The interview followed an event Tuesday at the New York-based think tank Data & Society, where Noble discussed her new book, “Algorithms of Oppression: How Search Engines Reinforce Racism.”

Noble undertook the research behind the book back in 2011, after a Google query for “black girls” yielded a stream of pornographic and offensive search results.

Noble says those “hits” weren’t an accidental byproduct of neutral algorithms driving Google’s search engine. Instead, she argues, they reflect the human biases inherent in the engineers who created the algorithms, structural biases rooted in the underlying classification systems and web architecture upon which commercial search engines are built, and an advertising-based business model that accepts the reality that racist and sexist representations of women and people of color are often still quite profitable.

In response to such critiques, a Google spokeswoman pointed to a number of recent efforts by the company to improve the quality of its search results. A diverse team of human evaluators reviews search results according to publicly posted guidelines, and the company has been clear about its position that advertising does not impact so-called “organic” search results.

There’s no doubt that Google and other big tech platforms have changed, often for the better, in response to public pressure, Noble said.

But, she argued, the underlying structural problems associated with the world’s information being curated by a massive for-profit company, and with minorities and marginalized groups having relatively limited power to control how they are represented, persist.

What does it all mean for K-12?

Following is a transcript of our conversation, edited for length and clarity.


Why do you contend that search engines like Google reinforce racism and sexism?

I started researching the output of large commercial search engines, namely Google, to see what kind of information they provided about women and girls, particularly women and girls of color. I discovered that consistently, they were misrepresented, mostly through pornography and hypersexual content.

Was this a problem only during the period of time you studied (2011-2015), or is it ongoing?

Search results have changed for black girls over time, but the same phenomenon around misinformation about different kinds of ideas and people are still present. It’s still a problem in that Asian and Latina girls are still often hypersexualized or “pornified.”

We’re also now to a place where utter disinformation and propaganda about certain people’s identities can circulate freely.


What do you make of the changes that Google has made in recent years?

Over time, I have watched as scholars and journalists have criticized the big tech companies for the output of their systems, and I’ve seen the platforms slowly shift and modify their results. But new problems always come online.

So while individual results might shift over time, structurally the same kinds of problems exist, where people who are in smaller minority groups often don’t have the ability to control the kind of information that circulates about them.

Are students and teachers too trusting of Google Search results?

I’ve done a lot of work with training teachers. And they are always stunned.

One of the first things I tell teachers is, ‘Stop telling students to just Google something.’” I take them through seemingly benign image searches on particular occupations.
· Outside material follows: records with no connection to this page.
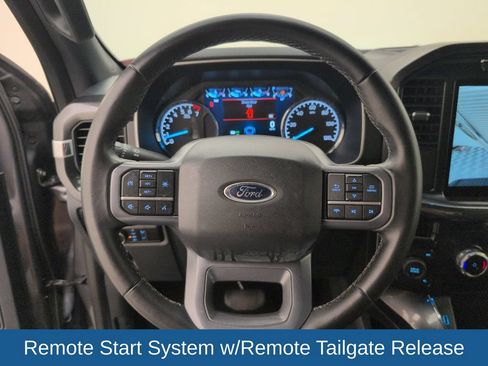 Certified 2023 Ford F150 XLT w/ Equipment Group 302A High AWD/4WD image 33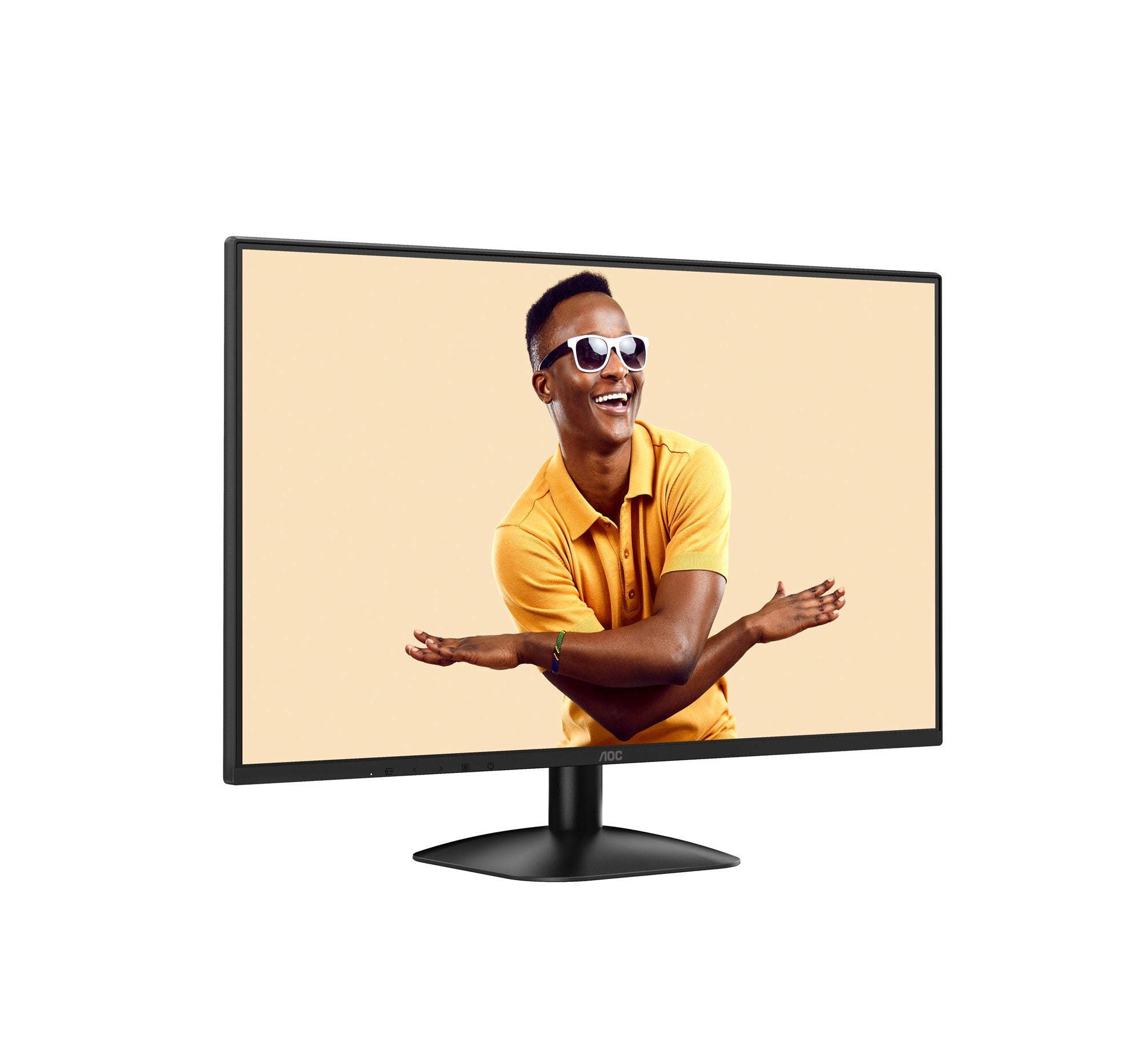 AOC 27B31H 27p FHD IPS 120Hz 1ms 300cd/m2 D-SUB HDMIx2 DP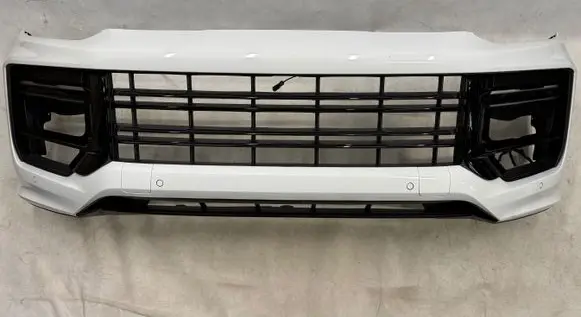 Porsche Cayenne (9Y0 9Y3) Front bumper 9Y0807221f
For example, when they’ve searched “university professor,” almost exclusively images of white men come back in return.

Imagine 3rd graders doing reports on careers and looking for images of people who work in white-collar occupations on an authoritative site like Google, and the images they see are primarily white men.

This works against the notion that education can create new possibilities for students to imagine themselves in any future they want.

What do you want the K-12 world to know about the mechanisms behind these problems you describe?

The main thing I want teachers to understand is that they would never send their students to a catalogue of advertisements as a scholarly, legitimate resource. And yet they regularly send their students to the largest ad platform in the country, Google.

Teachers need to understand that Google is an advertising platform. It’s not necessarily great as a replacement for the school or public library.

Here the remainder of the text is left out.